Does your current resume break any of these rules? Let’s find out.

1. Don’t Bury The Lede.

Hiding the most newsworthy part of a story is bad journalism. With your resume, it’s no different.

Obscuring the key features of your skills, background and accomplishments with extraneous adjectives and filler text fails to put your best foot forward and results in a sloppy personal brand.

Ensure that both your resume’s Headline and Professional Profile section clearly articulate your Unique Selling Proposition (USP).

Your USP expresses your distinct value as a candidate and should weave your career into a cohesive story that aligns with your targeted direction in the strongest way possible.

(Bonus Read: Building Your Personal Brand Starts with Your USP).

2. Don’t Hide Career Gaps.

Calling yourself a “consultant” to cover up a gap in your work history is a huge red flag, especially if you use vague descriptions with nary a client name or project detail in sight.

If indeed you’ve been a sole trader, freelancer or independent consultant, be sure to provide specific details such as:

  • clients you’ve worked with
  • duration and scope of engagements
  • quantifiable impact
  • responsibilities associated with building a business and finding clients

Dates are critical to set recruiters’ minds at ease.
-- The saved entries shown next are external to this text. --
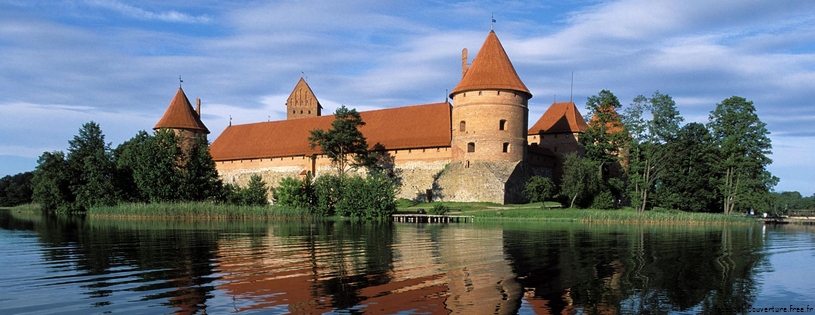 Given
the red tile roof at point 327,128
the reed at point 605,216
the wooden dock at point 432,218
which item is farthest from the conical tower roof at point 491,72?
the wooden dock at point 432,218

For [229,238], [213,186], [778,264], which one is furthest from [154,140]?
[778,264]

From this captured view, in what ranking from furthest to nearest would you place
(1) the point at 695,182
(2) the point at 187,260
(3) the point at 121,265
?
(1) the point at 695,182 → (2) the point at 187,260 → (3) the point at 121,265

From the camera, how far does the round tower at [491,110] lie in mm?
34312

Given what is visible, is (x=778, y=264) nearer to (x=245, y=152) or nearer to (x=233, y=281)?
(x=233, y=281)

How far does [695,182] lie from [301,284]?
3279cm

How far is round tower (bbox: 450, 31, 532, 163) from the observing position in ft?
113

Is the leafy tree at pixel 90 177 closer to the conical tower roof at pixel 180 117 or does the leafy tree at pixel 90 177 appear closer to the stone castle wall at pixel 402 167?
the conical tower roof at pixel 180 117

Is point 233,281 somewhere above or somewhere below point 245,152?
below

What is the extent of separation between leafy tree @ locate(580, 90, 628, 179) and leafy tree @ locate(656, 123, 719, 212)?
9.32ft

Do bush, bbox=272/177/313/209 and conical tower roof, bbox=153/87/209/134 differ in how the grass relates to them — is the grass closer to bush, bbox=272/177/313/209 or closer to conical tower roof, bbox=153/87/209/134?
bush, bbox=272/177/313/209

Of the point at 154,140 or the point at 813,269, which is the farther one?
the point at 154,140

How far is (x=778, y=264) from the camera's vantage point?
521 inches

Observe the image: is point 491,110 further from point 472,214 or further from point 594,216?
point 594,216

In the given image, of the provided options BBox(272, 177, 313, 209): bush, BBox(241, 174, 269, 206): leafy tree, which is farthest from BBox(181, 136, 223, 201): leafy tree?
BBox(272, 177, 313, 209): bush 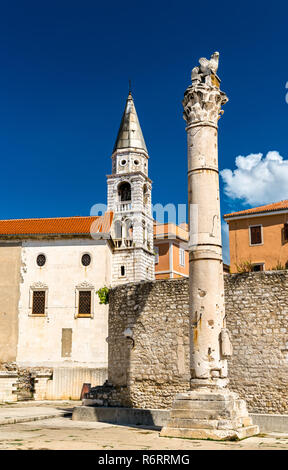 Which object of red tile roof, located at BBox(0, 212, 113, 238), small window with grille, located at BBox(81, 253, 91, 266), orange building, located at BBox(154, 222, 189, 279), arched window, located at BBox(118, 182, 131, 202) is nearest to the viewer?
small window with grille, located at BBox(81, 253, 91, 266)

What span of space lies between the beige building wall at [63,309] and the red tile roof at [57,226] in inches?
29.2

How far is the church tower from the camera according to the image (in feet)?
129

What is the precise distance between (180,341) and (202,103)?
21.0 feet

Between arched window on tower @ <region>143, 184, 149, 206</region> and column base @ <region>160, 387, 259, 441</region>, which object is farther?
arched window on tower @ <region>143, 184, 149, 206</region>

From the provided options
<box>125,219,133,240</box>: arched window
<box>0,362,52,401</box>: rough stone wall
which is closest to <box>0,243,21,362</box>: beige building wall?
<box>0,362,52,401</box>: rough stone wall

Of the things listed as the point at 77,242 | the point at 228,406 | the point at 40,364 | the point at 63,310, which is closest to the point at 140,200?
the point at 77,242

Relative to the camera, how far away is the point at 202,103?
37.4ft

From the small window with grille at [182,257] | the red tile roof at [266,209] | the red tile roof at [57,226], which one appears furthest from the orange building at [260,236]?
the small window with grille at [182,257]

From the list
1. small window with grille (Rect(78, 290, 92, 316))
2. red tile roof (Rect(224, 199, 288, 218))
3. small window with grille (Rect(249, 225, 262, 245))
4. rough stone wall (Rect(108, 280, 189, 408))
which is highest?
red tile roof (Rect(224, 199, 288, 218))

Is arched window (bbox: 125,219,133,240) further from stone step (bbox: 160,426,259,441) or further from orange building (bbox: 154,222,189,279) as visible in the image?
stone step (bbox: 160,426,259,441) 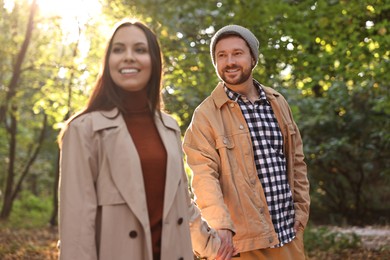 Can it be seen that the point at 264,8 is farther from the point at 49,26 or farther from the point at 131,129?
the point at 49,26

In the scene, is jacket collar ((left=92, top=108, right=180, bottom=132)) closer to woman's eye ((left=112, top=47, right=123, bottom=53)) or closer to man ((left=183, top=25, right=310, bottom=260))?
woman's eye ((left=112, top=47, right=123, bottom=53))

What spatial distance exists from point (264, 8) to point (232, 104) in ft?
14.1

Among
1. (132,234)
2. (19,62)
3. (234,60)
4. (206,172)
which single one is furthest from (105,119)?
(19,62)

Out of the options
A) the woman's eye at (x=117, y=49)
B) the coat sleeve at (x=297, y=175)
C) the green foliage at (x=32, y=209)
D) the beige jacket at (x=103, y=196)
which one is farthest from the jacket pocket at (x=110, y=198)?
the green foliage at (x=32, y=209)

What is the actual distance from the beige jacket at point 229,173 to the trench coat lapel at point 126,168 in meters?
1.33

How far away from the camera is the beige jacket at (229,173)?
13.5ft

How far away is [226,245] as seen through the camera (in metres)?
3.92

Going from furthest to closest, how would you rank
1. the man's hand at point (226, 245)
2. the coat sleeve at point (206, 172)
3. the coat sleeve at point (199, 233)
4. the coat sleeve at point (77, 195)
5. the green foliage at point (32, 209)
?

Not just for work experience, but for any qualifications or education that might be relevant to the position you’re applying for.

3. Step Into The Future.

Hello, we’re well into the 21st century. Which means it’s quite likely that your resume will never be printed when it reaches its destination.

To write the perfect resume for the digital age, forget designing for heavy paper stock. Format and design for a computer screen or mobile device instead.

And, while you’re at it, lose the Hotmail address and the home phone number.

Replace those with a personal website URL and email which – ideally – feature your name in the URL (e.g., yourname@yourname.com).

Taking charge of your online presence is a sure sign that your career and reputation matter to you – a lot.

4. Target. Target. Target.

The recruiter for that CMO role you want shouldn’t have to slog through your Director of Business Strategy resume. And nor will they.

A recruiter gives each resume an average of 6 seconds of attention. So don’t blow it and forget who your target audience is.

Showing up as the slacker who didn’t have time to tailor their resume greatly reduces your chances of being taken seriously and hurts your brand reputation.

(Bonus Read: How To Write Resume Achievements).

While you don’t need to rewrite your entire resume for every role, you do need to consider what’s important for each.

Consider creating several versions of your resume and fine-tune bullet points, key skills, assets, and keywords to make each one fit-for-purpose.

5. Don’t Tell The Whole Story In One Shot.

If you were going to introduce someone to Prince for the first time, you’d be in a quandary. He released over 600 songs – more than most artists in the history of music.

So you’d probably default to The Very Best of Prince.

If you’re an experienced professional, your resume strategy should be no different.

My team typically details between three and six of the most recent and relevant roles from the past 10 to 15 years, listing earlier career history in a summary section that includes titles, organisations and tenure.

We also take the ‘Russian Doll’ approach. This means we give your more recent roles the most coveted resume real estate, versus those further back in time.

6. It’s Your Turn To Write The Perfect Resume.

You and your career are a dynamic story that’s always evolving. That becomes more interesting and intricate with each year, role and professional victory that comes and goes.

If, at this point, you’re curious about how to find the perfect resume writer for your professional needs, read my guide on how to choose a resume writing service.

Take my advice and beware those painfully generic professional resume writers whose services abound these days.

If I were one of them, I might sum up this article with a tired old adage such as … ”you can write the perfect resume by telling, not selling.”

Sigh.

But since we’re all originals here, I’ll close with a Hopi proverb:

“Those who tell the stories rule the world.”